- Problem requirements
What you return must match the records word for word, except that pictures are dropped.
+++
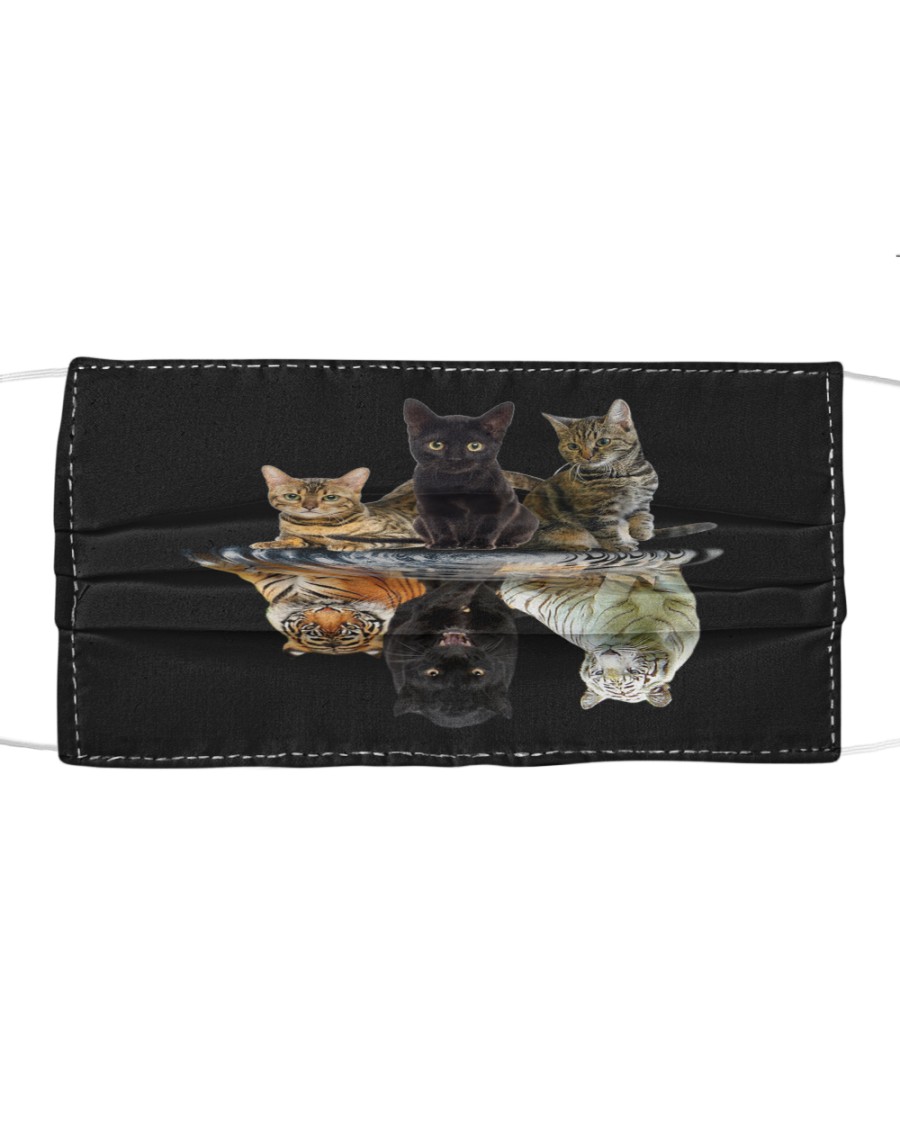 Cats Reflection Gift Friend Cat Lovers Cut Tiger Cloth face mask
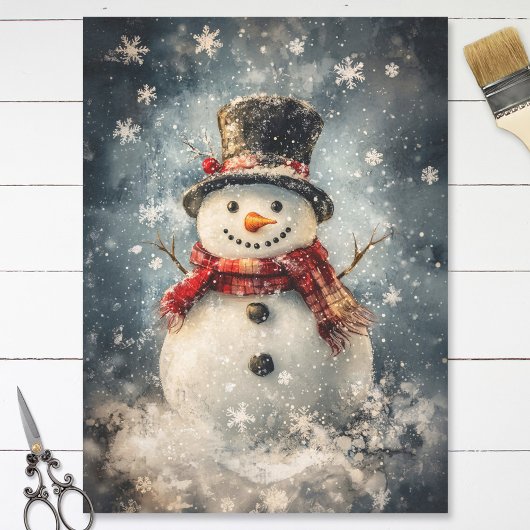 Snowman Illustration Rustikale Schneeflocken Decou Seidenpapier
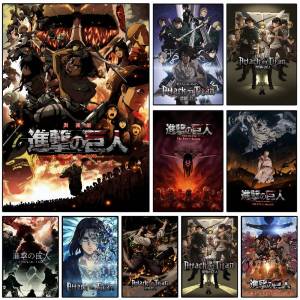 Bandai | 1PC Attack on Titan Poster Anime Canvas Wall Art Japanese Manga Room Decor for Bedroom Living Room Coffee House Bar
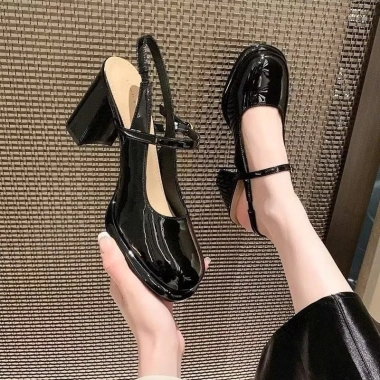 Giày cao gót sandal 7 phân đế đúp quai hậu NGUYENTHAO 85CG da bóng thời trang công sở siêu đẹp - Giá chỉ 159.000₫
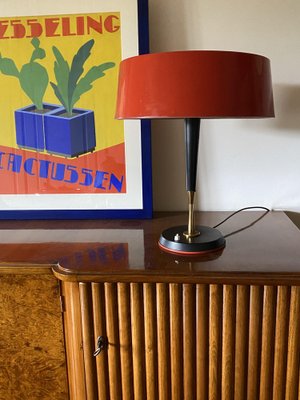 Mid-Century Red Table Lamp by Oscar Torlasco for Lumi, Italy, 1950s-TXN-1748929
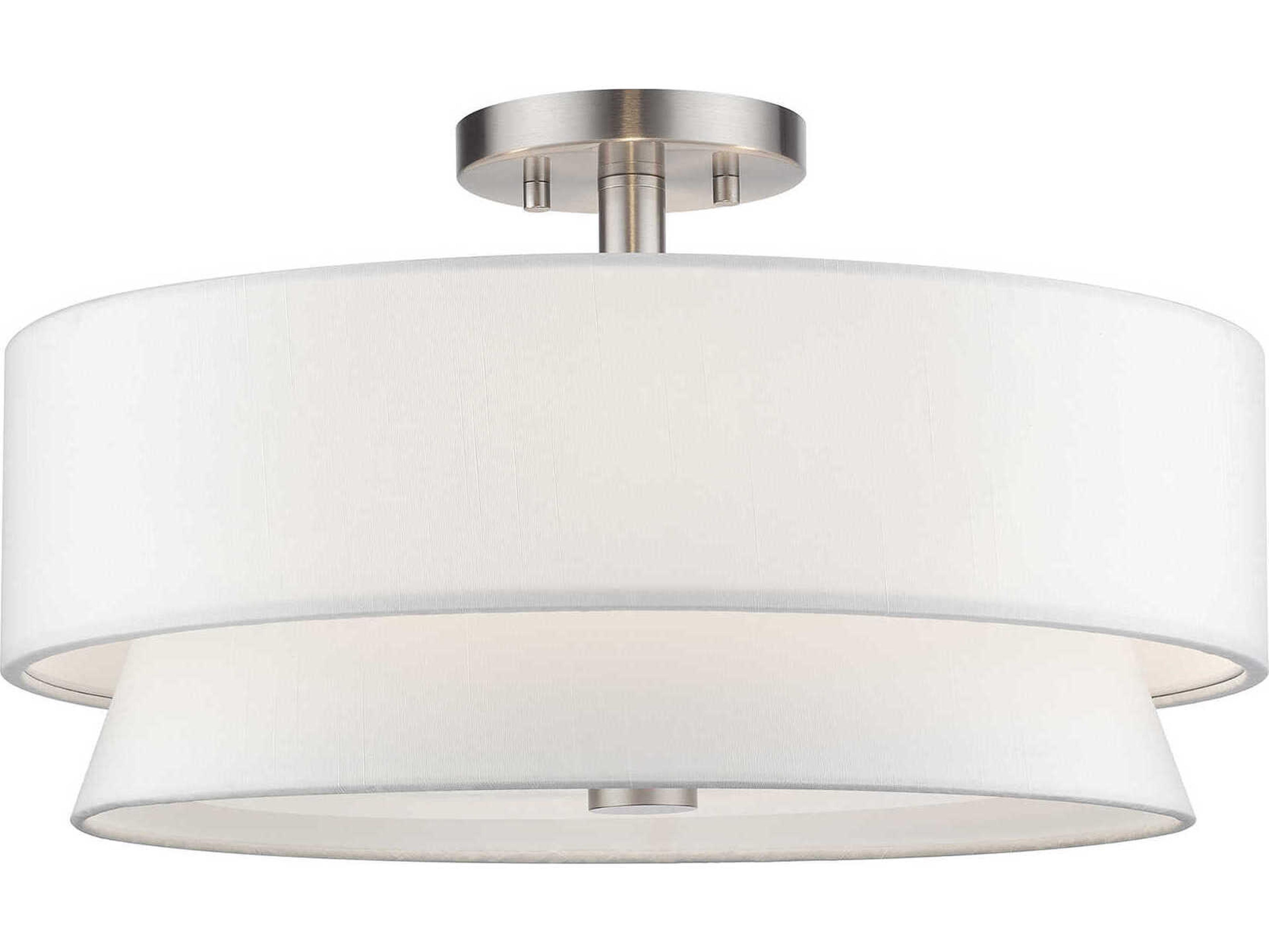 Livex Lighting Fontana 4-Light Brushed Nickel Drum Semi Flush Mount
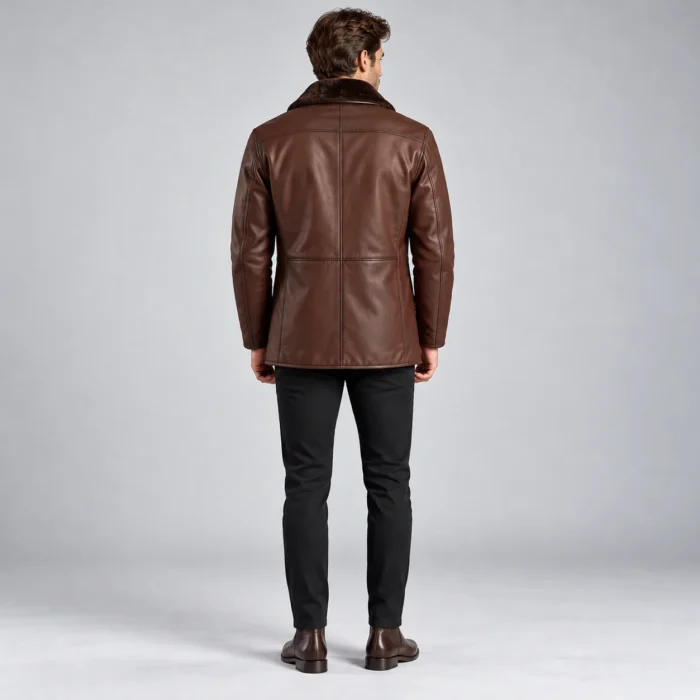 227bad3a-baf7-4f88-99d0-2010599e6439 Brown Leather Coat with Fur Collar Back Pose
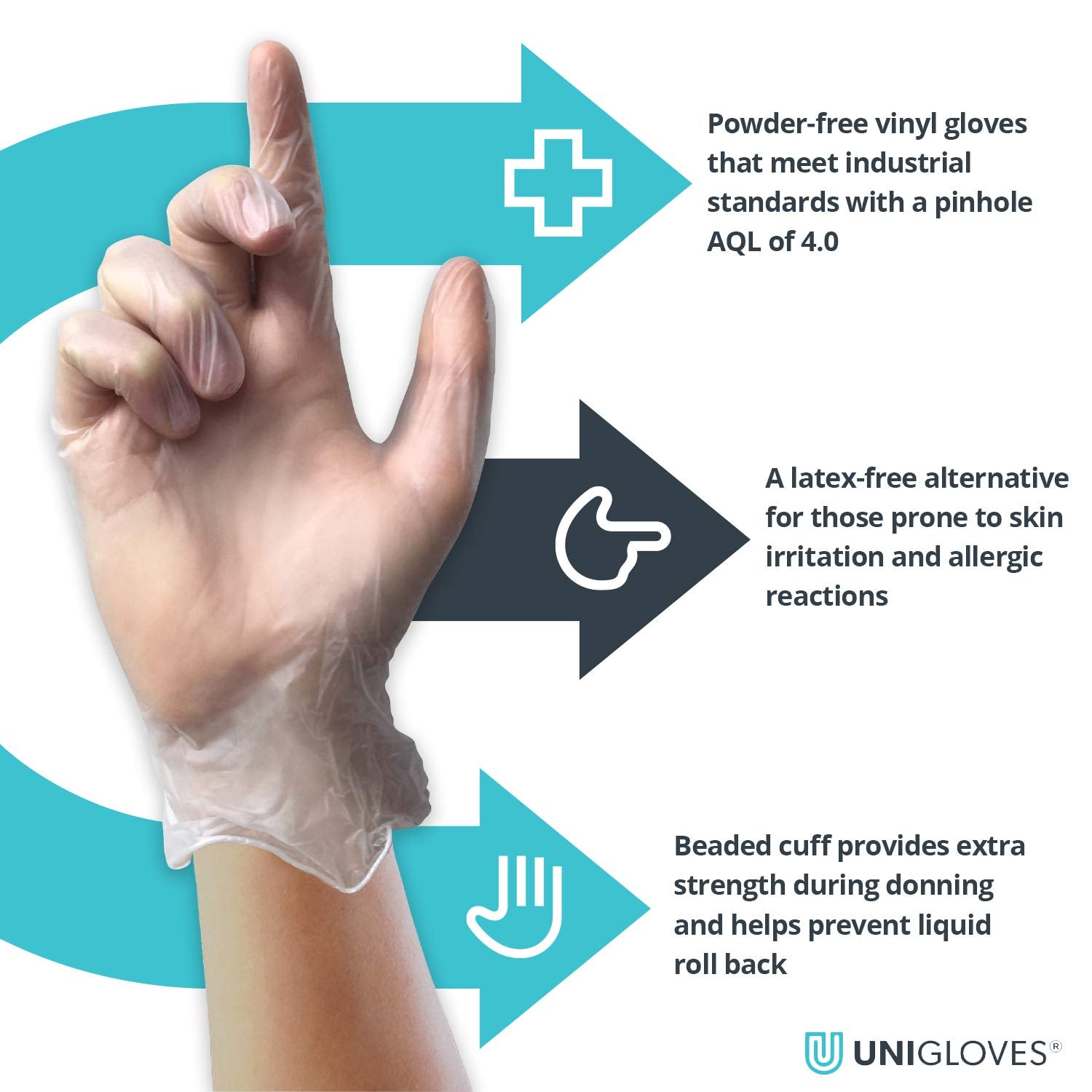 Unicare Clear Vinyl GS0063-A Examination - Multipurpose, Powder Free and Latex Free Disposable Gloves, Box of 100 Gloves, Clear, Medium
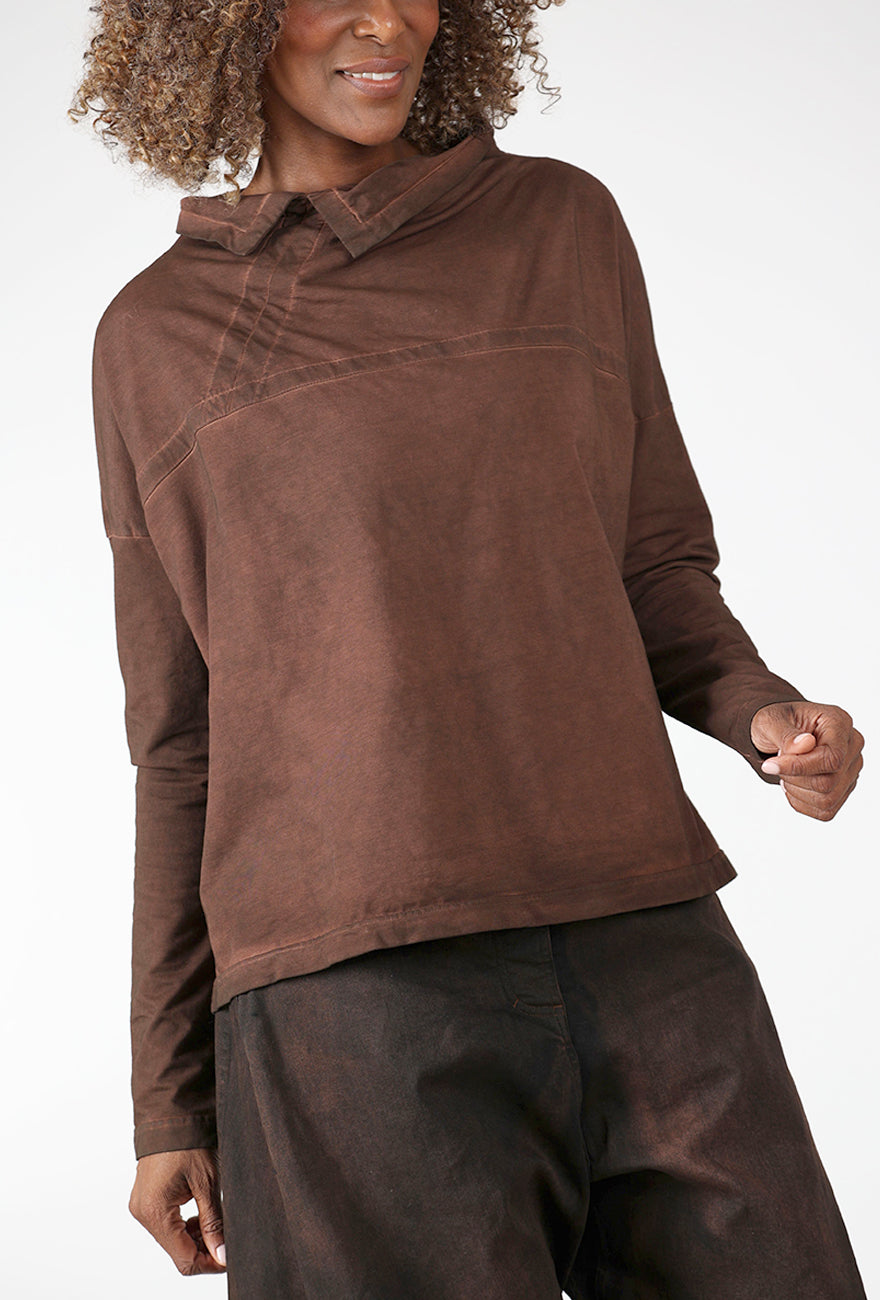 Horizon Seam Top, Henna Cloud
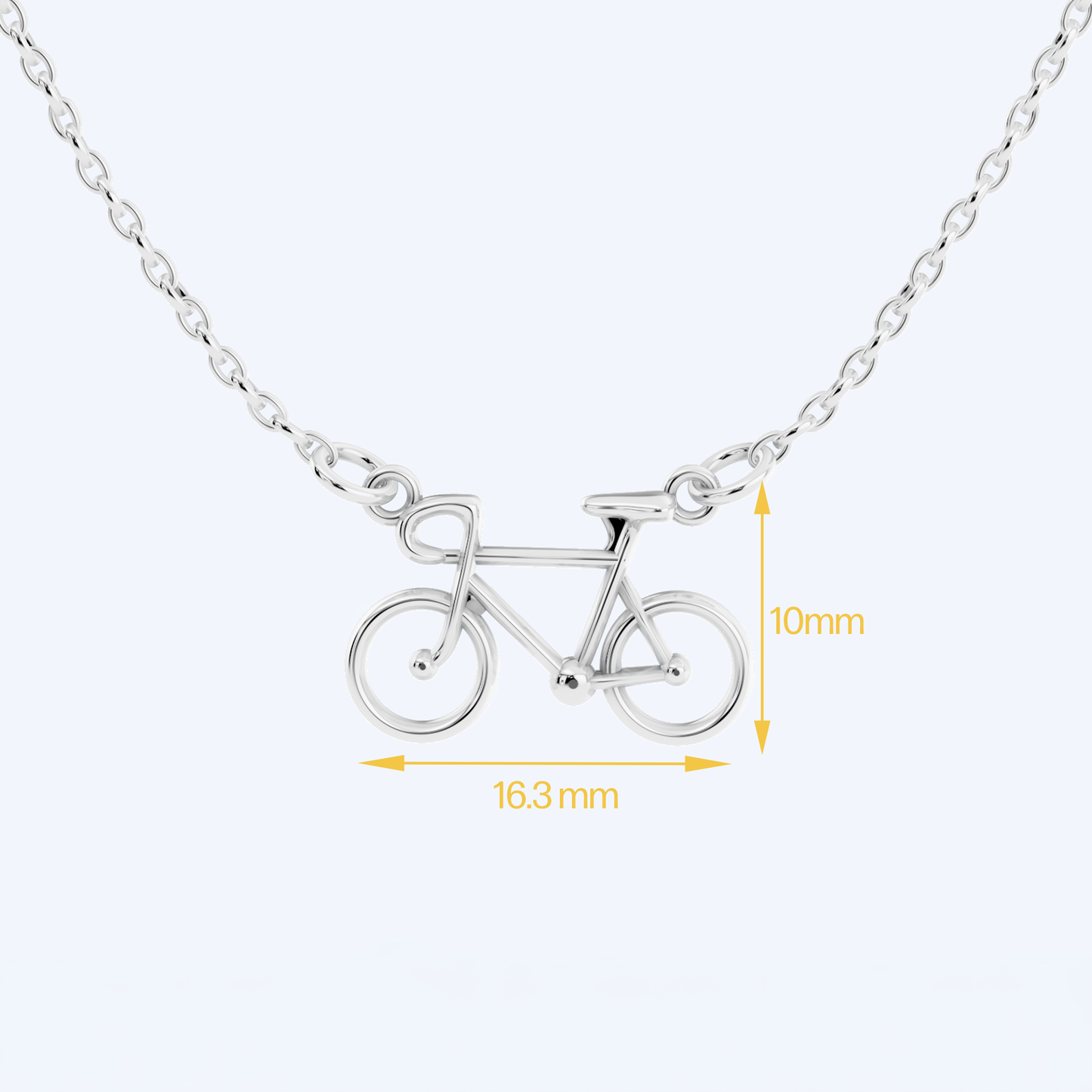 Road Bike Pendant Necklace 925 Silver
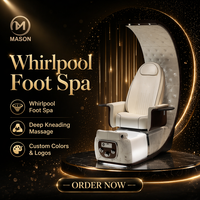 Fauteuil de pédicure Whirlpool avec massage profond par pétrissage et chaleur, rouleaux chauffants, couleurs et logos personnalisables, fibre de verre de haute qualité, LED 7 couleurs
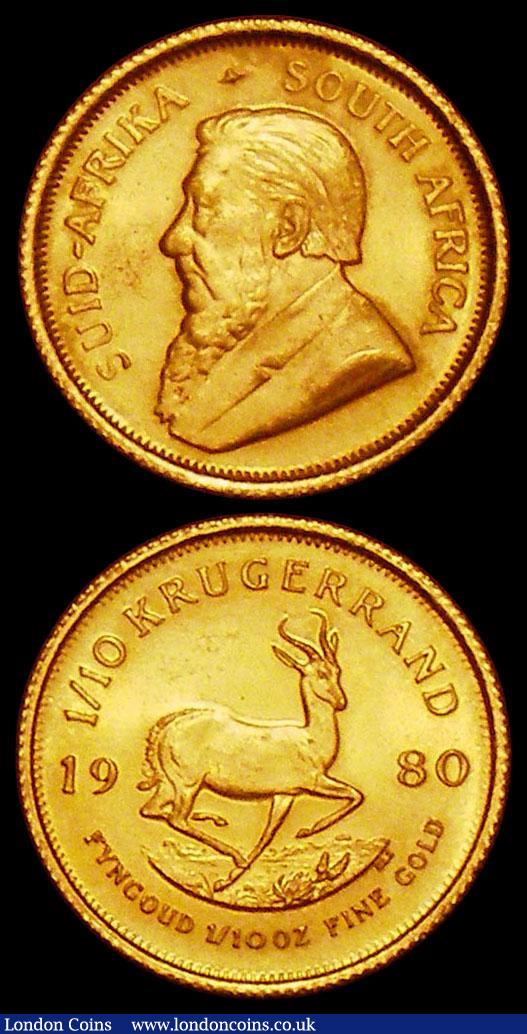 South Africa 1/10 Krugerrands (2) 1980 and 1982 both Unc : World Coins : Auction 168 : Lot 846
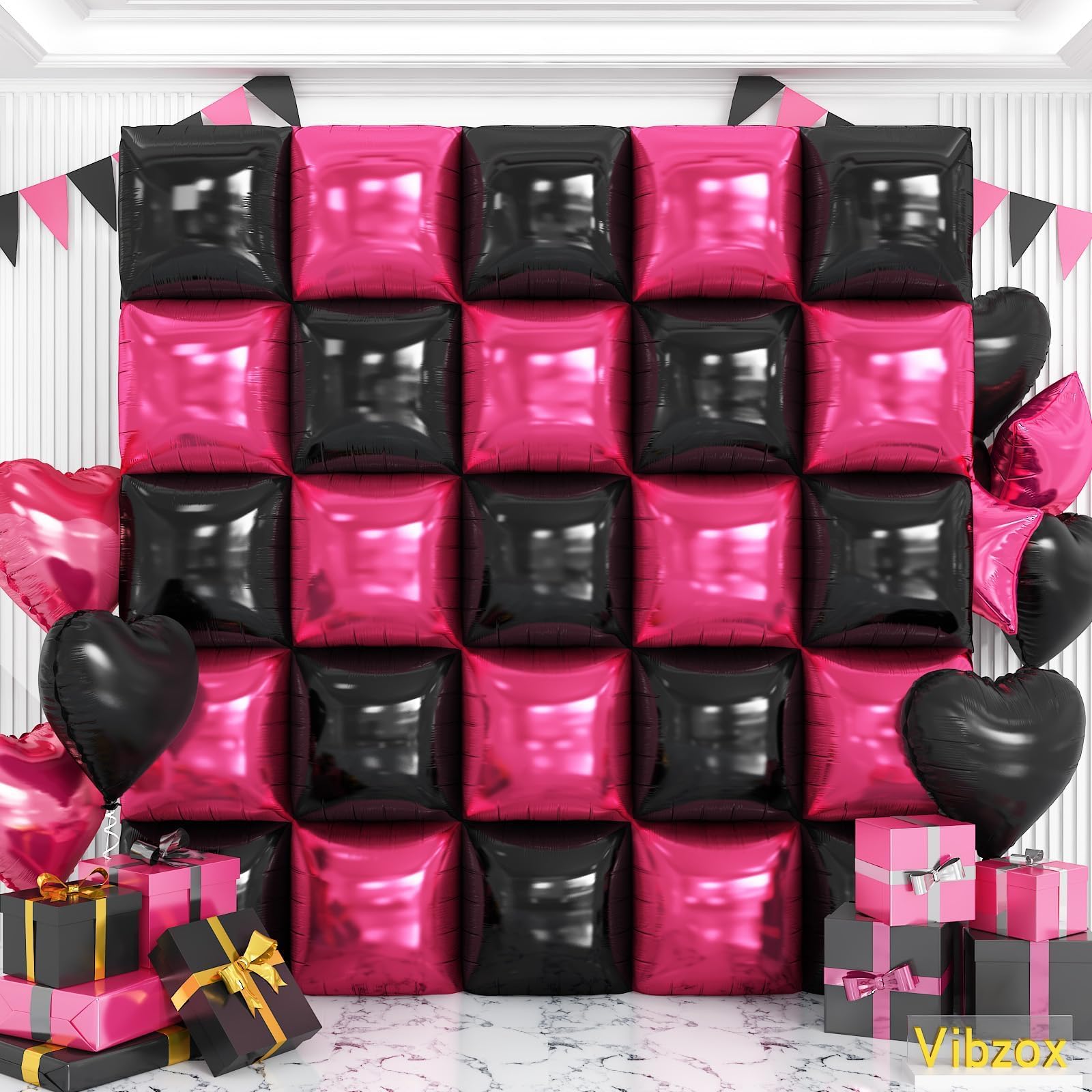Pink and Black Square Foil Balloons Wall, Double Sided Chrome Hot Pink Black Balloons Tunnel Arch Kit Backdrop for Girl Birthday Party Wedding Engagement DIY Hula Hoop Decorations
+++
- Solved problem
 Cats Reflection Gift Friend Cat Lovers Cut Tiger Cloth face mask
 Snowman Illustration Rustikale Schneeflocken Decou Seidenpapier
 Bandai | 1PC Attack on Titan Poster Anime Canvas Wall Art Japanese Manga Room Decor for Bedroom Living Room Coffee House Bar
 Giày cao gót sandal 7 phân đế đúp quai hậu NGUYENTHAO 85CG da bóng thời trang công sở siêu đẹp - Giá chỉ 159.000₫
 Mid-Century Red Table Lamp by Oscar Torlasco for Lumi, Italy, 1950s-TXN-1748929
 Livex Lighting Fontana 4-Light Brushed Nickel Drum Semi Flush Mount
 227bad3a-baf7-4f88-99d0-2010599e6439 Brown Leather Coat with Fur Collar Back Pose
 Unicare Clear Vinyl GS0063-A Examination - Multipurpose, Powder Free and Latex Free Disposable Gloves, Box of 100 Gloves, Clear, Medium
 Horizon Seam Top, Henna Cloud
 Road Bike Pendant Necklace 925 Silver
 Fauteuil de pédicure Whirlpool avec massage profond par pétrissage et chaleur, rouleaux chauffants, couleurs et logos personnalisables, fibre de verre de haute qualité, LED 7 couleurs
 South Africa 1/10 Krugerrands (2) 1980 and 1982 both Unc : World Coins : Auction 168 : Lot 846
Pink and Black Square Foil Balloons Wall, Double Sided Chrome Hot Pink Black Balloons Tunnel Arch Kit Backdrop for Girl Birthday Party Wedding Engagement DIY Hula Hoop Decorations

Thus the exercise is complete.